Uploaded image for project: 'MariaDB Server'
  1. MariaDB Server
  2. MDEV-9264

Implement Linux Kernel Out Of Memory Configuration (oom_score_adj) to my.cnf file and mysqld global variable

    Details

    • Type: Task
    • Status: Open (View Workflow)
    • Priority: Minor
    • Resolution: Unresolved
    • Fix Version/s: None
    • Component/s: None
    • Labels:

      Description

      Hi guys
      We have a big problem when system is Out Of Memory
      running a apache+mysql server, i prefer that kernel kill the apache server instead of mysql
      when mysqld restart, it can repair all tables (myisam/innodb/aria/toku/etc...), a crash (kill signal when out of memory) at database pid (somethiing killall -9 mysqld) is more critical (consume more time to repair / can loose important data) than a crash at application (only static/cached/transaction data) (something like killall -9 httpd)

      in this task we will not check others process oom_score_adj, we will only think about mysqld oom_score_adj values


      the idea is: include a option at my.cnf / mysqld / mysqld_multi / mysqld_safe, and a global variable (SHOW VARIABLES) to allow server oom_score_adj configuration,
      the /proc kernel interface may use oom_adj AND/OR oom_score_adj file (the second have a bigger range -1000 to 1000, instead of -17 to +15, the first is older and exist in more kernels , maybe before 2.6 kernels)

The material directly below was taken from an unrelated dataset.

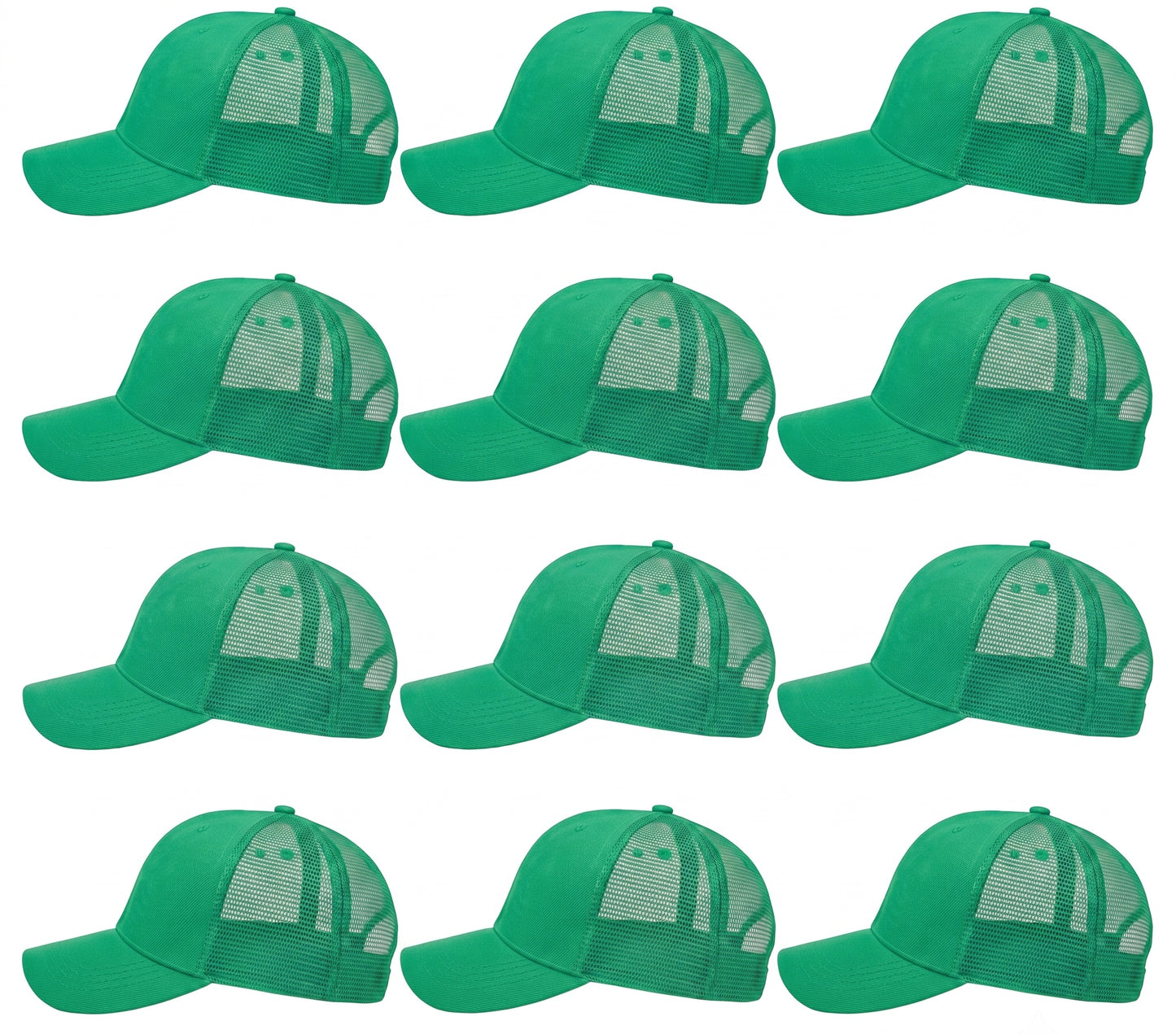 12-Pack Lot Unisex Mesh Back Baseball Cap Sun Visor Breathable Plain Blank Trucker Hats Adjustable Caps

      a comment about someone that have the same problem using oracle server: http://www.oracle.com/technetwork/articles/servers-storage-dev/oom-killer-1911807.html

      at my.cnf file we could include:
      linux-oom_adj=xxx (a number from -17 to +15 user MUST know that we are using oom_adj or oom_score_adj)
      linux-oom_score_adj=xxx (a number from -1000 to 1000, user MUST know that we are using oom_adj or oom_score_adj)

      tested with kernel 4.xxx, we should use oom_score_adj:
      [179443.053386] bash (19390): /proc/2398/oom_adj is deprecated, please use /proc/2398/oom_score_adj instead.
      https://www.kernel.org/doc/Documentation/filesystems/proc.txt

      important notes:

      (from 2.4 kernel docs):

      It is the job of the linux 'oom killer' to sacrifice one or more processes in order to free up memory for the system when all else fails. It will also kill any process sharing the same mm_struct as the selected process, for obvious reasons. *Any particular process leader may be immunized against the oom killer* if the value of its /proc/<pid>/oomadj is set to the constant OOM_DISABLE (currently defined as *-17*).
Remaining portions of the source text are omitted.